Gli investigatori cominciarono ad interrogare le persone che conoscevano Diane e ne  venne fuori un profilo della Downs davvero inquietante: soggetto instabile con violente crisi di rabbia sia verso l’ex marito  (in una spaventosa lite  aveva addirittura tentato di sparargli) che  con i bambini su cui riversava le sue frustrazioni e le sue crisi depressive, la sua continua ricerca di un nuovo amante nel tentativo disperato di trovare quello giusto. Ma sopratutto la sua ossessione nei confronti di  Lew Lewiston, che per Diane era il “suo fidanzato”.  Lewiston era un affascinante trentenne sposato con cui la Down aveva avuto una storia di un anno dei cui era talmente invaghita, tanto da tatuarsi il suo nome su di un braccio. Diane era convinta che prima o poi lui sarebbe tornato da lei lasciando la moglie. Ma non fu così, forse perché Lew era un uomo che non voleva problemi ma, sopratutto non voleva figli, e non era disposto nemmeno a fare da padre a Christie, Cheryl e Danny.

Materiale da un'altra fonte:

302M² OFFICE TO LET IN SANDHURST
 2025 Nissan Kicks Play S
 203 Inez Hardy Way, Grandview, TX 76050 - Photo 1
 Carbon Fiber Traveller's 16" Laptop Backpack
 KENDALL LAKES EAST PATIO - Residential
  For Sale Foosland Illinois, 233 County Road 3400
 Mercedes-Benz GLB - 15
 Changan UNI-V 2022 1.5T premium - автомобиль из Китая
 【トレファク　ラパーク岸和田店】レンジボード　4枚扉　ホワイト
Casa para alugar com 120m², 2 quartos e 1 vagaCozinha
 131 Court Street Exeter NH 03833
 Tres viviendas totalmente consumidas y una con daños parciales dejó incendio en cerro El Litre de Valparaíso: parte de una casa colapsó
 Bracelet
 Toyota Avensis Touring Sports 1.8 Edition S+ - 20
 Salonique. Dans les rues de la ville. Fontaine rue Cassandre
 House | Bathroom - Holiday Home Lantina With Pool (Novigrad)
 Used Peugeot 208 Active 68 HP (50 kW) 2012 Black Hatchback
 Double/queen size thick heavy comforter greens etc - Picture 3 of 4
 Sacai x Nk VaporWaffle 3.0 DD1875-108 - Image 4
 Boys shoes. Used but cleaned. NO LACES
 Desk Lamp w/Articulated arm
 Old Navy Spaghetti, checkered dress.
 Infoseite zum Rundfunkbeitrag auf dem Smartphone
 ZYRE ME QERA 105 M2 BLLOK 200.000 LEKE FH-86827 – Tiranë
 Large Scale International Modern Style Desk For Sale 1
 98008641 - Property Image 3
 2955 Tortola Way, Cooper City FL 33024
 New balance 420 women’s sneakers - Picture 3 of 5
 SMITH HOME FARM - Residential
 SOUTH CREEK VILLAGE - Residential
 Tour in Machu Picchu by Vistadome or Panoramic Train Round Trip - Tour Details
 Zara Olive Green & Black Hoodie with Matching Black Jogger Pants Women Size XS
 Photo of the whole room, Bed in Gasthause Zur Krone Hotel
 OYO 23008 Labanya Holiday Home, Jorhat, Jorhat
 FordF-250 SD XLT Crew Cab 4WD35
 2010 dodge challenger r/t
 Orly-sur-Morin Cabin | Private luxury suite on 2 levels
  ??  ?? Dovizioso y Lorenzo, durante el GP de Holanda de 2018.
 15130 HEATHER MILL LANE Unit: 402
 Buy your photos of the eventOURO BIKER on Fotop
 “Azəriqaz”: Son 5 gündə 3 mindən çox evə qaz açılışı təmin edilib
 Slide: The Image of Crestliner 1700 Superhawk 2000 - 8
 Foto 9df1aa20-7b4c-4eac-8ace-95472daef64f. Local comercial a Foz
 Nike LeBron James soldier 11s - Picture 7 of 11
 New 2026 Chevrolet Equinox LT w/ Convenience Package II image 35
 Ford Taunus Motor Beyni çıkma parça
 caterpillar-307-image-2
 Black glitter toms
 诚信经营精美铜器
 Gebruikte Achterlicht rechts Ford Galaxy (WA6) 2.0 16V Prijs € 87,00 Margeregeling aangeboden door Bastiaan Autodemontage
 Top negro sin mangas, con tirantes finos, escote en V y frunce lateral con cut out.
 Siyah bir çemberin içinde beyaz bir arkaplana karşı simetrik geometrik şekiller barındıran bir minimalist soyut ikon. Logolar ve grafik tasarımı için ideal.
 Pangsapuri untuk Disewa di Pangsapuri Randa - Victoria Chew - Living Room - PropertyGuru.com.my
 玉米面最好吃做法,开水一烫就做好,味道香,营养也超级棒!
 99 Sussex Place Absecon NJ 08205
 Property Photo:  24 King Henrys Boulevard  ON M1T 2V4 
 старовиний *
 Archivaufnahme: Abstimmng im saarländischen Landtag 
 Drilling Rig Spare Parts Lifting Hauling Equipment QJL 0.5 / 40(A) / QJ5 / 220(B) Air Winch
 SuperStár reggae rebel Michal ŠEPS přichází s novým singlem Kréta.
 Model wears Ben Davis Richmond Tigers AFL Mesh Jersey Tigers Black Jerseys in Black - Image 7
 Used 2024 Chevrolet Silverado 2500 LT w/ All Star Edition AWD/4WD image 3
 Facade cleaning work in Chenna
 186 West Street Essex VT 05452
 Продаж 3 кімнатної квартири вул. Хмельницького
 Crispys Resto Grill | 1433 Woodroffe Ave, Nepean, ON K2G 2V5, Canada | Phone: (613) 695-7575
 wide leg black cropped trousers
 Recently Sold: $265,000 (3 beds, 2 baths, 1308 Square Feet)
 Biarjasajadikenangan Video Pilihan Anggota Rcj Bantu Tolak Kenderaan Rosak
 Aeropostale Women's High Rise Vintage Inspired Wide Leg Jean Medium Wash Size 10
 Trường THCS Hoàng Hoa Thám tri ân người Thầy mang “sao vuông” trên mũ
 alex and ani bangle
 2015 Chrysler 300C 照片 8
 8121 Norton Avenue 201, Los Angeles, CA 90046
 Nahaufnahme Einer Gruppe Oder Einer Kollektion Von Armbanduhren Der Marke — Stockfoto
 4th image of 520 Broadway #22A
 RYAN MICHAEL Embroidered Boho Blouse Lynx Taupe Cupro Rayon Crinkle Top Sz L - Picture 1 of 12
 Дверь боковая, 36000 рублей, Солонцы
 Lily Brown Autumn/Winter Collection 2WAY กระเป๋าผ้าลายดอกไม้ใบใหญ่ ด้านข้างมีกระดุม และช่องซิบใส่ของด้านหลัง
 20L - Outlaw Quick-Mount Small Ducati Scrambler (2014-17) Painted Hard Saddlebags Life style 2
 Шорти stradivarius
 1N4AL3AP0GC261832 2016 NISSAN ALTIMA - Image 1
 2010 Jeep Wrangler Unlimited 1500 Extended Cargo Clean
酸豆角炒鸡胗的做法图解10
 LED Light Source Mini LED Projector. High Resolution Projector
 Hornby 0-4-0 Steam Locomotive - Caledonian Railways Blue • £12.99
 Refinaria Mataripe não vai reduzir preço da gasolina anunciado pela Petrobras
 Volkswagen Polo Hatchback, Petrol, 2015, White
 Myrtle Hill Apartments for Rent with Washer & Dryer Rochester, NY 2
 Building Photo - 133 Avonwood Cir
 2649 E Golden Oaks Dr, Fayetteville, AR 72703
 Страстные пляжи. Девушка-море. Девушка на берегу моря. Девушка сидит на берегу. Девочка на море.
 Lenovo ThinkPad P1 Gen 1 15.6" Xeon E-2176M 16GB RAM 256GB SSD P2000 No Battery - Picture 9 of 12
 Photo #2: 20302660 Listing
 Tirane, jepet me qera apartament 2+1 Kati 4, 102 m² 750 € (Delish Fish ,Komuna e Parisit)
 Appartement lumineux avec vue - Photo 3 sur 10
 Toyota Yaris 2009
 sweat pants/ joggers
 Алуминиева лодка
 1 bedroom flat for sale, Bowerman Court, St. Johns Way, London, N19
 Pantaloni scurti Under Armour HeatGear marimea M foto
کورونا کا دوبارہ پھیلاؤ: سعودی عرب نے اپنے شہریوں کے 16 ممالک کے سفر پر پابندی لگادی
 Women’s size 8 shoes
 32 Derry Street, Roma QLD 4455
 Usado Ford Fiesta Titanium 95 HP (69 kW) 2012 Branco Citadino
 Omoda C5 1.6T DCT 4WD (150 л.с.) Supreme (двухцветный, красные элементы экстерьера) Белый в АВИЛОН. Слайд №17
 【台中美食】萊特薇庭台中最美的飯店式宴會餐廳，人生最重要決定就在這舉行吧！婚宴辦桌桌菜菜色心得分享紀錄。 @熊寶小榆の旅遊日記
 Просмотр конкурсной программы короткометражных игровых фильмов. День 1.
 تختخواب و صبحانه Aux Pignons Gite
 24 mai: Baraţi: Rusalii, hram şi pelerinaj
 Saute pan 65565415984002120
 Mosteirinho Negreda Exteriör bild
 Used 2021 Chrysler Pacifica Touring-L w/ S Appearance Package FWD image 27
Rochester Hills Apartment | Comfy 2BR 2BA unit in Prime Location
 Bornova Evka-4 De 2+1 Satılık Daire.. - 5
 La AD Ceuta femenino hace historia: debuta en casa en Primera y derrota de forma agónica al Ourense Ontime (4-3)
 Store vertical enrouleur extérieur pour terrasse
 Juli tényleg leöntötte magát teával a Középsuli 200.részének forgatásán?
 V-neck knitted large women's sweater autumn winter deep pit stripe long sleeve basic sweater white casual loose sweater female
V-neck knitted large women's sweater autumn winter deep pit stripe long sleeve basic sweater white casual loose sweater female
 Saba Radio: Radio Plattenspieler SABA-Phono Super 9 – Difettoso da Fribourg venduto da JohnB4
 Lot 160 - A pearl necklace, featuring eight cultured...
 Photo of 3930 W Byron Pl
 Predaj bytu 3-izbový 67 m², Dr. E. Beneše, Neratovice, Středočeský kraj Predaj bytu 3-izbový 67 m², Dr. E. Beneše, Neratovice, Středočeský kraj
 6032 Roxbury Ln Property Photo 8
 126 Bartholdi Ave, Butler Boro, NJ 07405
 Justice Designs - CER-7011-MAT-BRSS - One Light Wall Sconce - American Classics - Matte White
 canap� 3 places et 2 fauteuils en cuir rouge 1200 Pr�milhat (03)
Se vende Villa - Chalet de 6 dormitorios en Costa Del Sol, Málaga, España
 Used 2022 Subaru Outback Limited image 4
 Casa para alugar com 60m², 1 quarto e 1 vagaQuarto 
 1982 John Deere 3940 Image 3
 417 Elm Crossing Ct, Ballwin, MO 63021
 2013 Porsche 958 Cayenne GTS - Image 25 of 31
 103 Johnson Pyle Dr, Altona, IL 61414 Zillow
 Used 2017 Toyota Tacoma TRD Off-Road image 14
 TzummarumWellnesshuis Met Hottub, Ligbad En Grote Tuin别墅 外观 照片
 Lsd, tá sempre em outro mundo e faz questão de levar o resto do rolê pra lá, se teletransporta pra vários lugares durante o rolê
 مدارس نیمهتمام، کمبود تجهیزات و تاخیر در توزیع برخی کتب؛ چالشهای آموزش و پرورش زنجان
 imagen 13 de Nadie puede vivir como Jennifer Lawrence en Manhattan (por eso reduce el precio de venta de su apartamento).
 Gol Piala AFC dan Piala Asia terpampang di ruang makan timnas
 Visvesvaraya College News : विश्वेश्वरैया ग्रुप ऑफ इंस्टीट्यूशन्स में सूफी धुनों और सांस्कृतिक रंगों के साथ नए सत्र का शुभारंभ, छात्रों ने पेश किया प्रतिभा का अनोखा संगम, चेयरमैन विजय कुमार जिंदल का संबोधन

Furibonda, ai primi di aprile 1983 Diane si trasferisce in Oregon dai genitori e gli lancia un ultimatum: o me, o tua moglie. Lew sceglie la moglie. Respinge al mittente i regali le lettere e le cartoline di Diane, cambia casa e numero di telefono.
E’ finita.

Il 19 maggio 1983, la sparatoria.

Nei mesi successivi, Diane Downs era su tutti i media.  La madre dei bambini, quelli della sparatoria. Povera ragazza. Prima come vittima di una tragedia, poi come sospetta. Cominciò allora ad accusare  apertamente la polizia ed il procuratore di cospirazione. Si proclamò vittima. Prese di mira il  giovane procuratore che indagava su di lei. Poi gli agenti di Springfield, che ormai non si fidavano più di lei. Poi l’ex marito. Poi la moglie di Lew. Poi tutti quelli, che di giorno in giorno non credevano più alla sua versione. 

Quando nel gennaio  del 1984 viene arrestata era di nuovo incinta, con l’accusata dell’omicidio di Cheryl ed il tentato omicidio degli altri due figli.  Christie nel frattempo si era “ripresa”, per quanto fosse impossibile riprendersi dopo una terribile esperienza come quella vissuta dai tre fratellini, e al processo la bambina di appena 9 anni pur terrorizzata e in lacrime punta il dito contro la madre e dice: “LEI HA SPARATO”.

Diane Downs è stata condannata all’ergastolo con una pena supplementare di 50 anni. La bambina nata durante la detenzione è stata data in affido alla nascita. Tutt’ora reclusa in un carcere nel New Jersey non ha mai ammesso alcuna responsabilità e si proclama vittima di un clamoroso errore giudiziario.